- Work instructions
Please give back word for word the lines below, from the first one through the one with "10 Gauge HEMATITE".
•••••
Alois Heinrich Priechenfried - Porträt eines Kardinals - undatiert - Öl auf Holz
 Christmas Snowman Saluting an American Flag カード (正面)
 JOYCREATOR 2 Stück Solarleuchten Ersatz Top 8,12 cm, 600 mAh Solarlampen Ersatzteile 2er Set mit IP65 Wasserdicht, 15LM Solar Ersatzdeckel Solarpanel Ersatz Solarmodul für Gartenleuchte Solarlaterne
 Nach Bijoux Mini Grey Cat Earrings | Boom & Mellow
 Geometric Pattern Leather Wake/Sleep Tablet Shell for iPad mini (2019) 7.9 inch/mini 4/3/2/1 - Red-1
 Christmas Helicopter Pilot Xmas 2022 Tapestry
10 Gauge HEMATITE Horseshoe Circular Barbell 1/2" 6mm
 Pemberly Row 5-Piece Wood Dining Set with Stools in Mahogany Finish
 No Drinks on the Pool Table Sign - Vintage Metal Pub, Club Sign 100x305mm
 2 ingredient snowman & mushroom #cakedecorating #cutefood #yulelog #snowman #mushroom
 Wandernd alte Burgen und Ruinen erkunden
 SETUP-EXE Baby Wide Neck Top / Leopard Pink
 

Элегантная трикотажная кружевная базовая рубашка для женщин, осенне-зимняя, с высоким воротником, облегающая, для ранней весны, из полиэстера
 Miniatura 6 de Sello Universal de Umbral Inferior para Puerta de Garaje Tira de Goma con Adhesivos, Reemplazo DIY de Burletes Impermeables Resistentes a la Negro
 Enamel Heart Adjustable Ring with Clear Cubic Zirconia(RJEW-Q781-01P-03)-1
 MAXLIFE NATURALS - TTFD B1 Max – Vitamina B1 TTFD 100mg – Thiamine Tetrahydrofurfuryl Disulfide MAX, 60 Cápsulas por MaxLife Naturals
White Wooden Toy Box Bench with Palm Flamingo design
•••••
- Answer to the problem
Alois Heinrich Priechenfried - Porträt eines Kardinals - undatiert - Öl auf Holz
 Christmas Snowman Saluting an American Flag カード (正面)
 JOYCREATOR 2 Stück Solarleuchten Ersatz Top 8,12 cm, 600 mAh Solarlampen Ersatzteile 2er Set mit IP65 Wasserdicht, 15LM Solar Ersatzdeckel Solarpanel Ersatz Solarmodul für Gartenleuchte Solarlaterne
 Nach Bijoux Mini Grey Cat Earrings | Boom & Mellow
 Geometric Pattern Leather Wake/Sleep Tablet Shell for iPad mini (2019) 7.9 inch/mini 4/3/2/1 - Red-1
 Christmas Helicopter Pilot Xmas 2022 Tapestry
10 Gauge HEMATITE Horseshoe Circular Barbell 1/2" 6mm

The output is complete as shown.